2) Forecast for consolidated financial results for FY2022 (End March 2023)
（Billion Yen; rounded to the nearest 100 million yen）
In the Dry Bulk Segment, market rates declined in the second half due to a multitude of uncertainties, including concerns over global inflation and recession and the timing of normalization of economic activity in China. However, market rates are expected to remain above a certain level because of an increase in demand for coal transportation due to the Russia-Ukraine situation and the tightening of the vessel supply-demand balance due to limited building of new ships. The Group will watch out for changes in transportation demand and trade patterns and make preparations to promptly respond. At the same time, amid growing need to deal with environmental problems, take advantage of its strength in high quality transportation, the Group will strive to secure stable profit by increasing vessel operation efficiency and reducing costs as well as increasing mid- and long-term contracts.
In the Energy Resource Transport Segment, the Group will continue efforts to secure stable profit as it expects to ensure smooth business operations, supported by mid- and long-term contracts, with respect to LNG carriers, thermal coal carriers, large crude oil tankers (VLCCs), LPG carriers, drillships, and FPSO (Floating Production, Storage and Offloading systems).
As for the Product Logistics Segment, regarding the car carrier business, while there are concerns over the impacts of shortages of semiconductors and auto parts, the continued inflationary trend, and the possible recession, mainly in the United States and Europe, the Group will continue to strive to improve operational efficiency through such measures as appropriate fleet restructuring and reorganization of the network of trades in addition to restoring freight rates to the former levels. In the logistics business, while the Group will keep a close watch on the negotiations over North American West Coast port labor-employer contracts, domestic container handling volume is expected to remain firm. As for the international logistics sector, as a result of a decline in ocean and air transportation, market rates have recently remained on a downtrend in the forwarding business. In the finished vehicle transportation business, handling volume is expected to increase due to continued robust demand for imported vehicles in Australia. In the containership business, recovery of transportation demand and short-term freight market conditions will take time, and the recovery in the current fiscal year is expected to be modest due to seasonal factors such as the Chinese New Year holiday in the fourth quarter. "ONE" will closely monitor the economic environment and strive for steady business operations while implementing measures to adapt to changes in supply and demand.
The Company’s important management task is to maximize returns to our shareholders by maintaining awareness of optimal capital structure at any time, always ensuring capital efficiency, financial soundness, and strategically allocating our management resources to investments in order to improve our financial strength considering mid to long-term business environment.

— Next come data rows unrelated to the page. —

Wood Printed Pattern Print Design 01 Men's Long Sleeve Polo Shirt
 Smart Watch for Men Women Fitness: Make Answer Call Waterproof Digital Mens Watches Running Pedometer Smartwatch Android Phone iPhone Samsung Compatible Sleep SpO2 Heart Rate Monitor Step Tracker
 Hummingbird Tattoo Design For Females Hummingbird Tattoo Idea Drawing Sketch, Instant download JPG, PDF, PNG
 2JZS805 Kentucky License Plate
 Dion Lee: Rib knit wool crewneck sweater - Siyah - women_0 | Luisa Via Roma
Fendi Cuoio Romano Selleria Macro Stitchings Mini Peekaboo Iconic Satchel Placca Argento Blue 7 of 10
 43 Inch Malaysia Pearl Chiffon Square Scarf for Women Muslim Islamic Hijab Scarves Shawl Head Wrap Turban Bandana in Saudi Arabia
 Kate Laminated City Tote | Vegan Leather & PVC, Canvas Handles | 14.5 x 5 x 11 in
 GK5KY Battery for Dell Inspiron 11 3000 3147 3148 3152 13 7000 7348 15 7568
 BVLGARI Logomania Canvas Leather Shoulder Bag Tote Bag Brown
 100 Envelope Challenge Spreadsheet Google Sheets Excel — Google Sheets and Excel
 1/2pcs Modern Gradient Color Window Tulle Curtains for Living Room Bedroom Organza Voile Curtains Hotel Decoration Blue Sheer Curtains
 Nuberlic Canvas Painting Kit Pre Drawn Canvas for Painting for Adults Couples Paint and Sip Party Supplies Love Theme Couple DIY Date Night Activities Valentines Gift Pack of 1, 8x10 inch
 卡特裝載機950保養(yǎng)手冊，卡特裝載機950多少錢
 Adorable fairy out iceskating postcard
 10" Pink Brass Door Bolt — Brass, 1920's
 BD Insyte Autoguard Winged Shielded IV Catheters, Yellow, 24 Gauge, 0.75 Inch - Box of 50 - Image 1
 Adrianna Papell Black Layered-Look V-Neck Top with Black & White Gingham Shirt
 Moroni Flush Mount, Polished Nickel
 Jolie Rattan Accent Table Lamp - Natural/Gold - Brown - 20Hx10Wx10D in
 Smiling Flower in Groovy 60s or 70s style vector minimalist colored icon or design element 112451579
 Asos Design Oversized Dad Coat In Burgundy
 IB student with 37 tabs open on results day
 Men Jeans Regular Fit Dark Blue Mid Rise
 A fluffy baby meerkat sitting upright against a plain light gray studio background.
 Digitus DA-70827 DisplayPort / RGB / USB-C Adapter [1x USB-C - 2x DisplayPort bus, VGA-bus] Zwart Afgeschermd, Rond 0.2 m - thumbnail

Based on this basic policy, regarding dividend for the fiscal year ending March 31, 2023, the Company plans payment of a year-end dividend of 300.00 yen per share which increased by 200.00 yen per share of prior forecast.
Above will be implemented subject to the resolution at the Ordinary General Meeting of Shareholders scheduled in June 2023.
All of "K" LINE Group members are vigilantly dedicated to the accomplishment of our goals with one voice, and we appreciate your continued support and encouragement.
Thank you very much for your kind attention.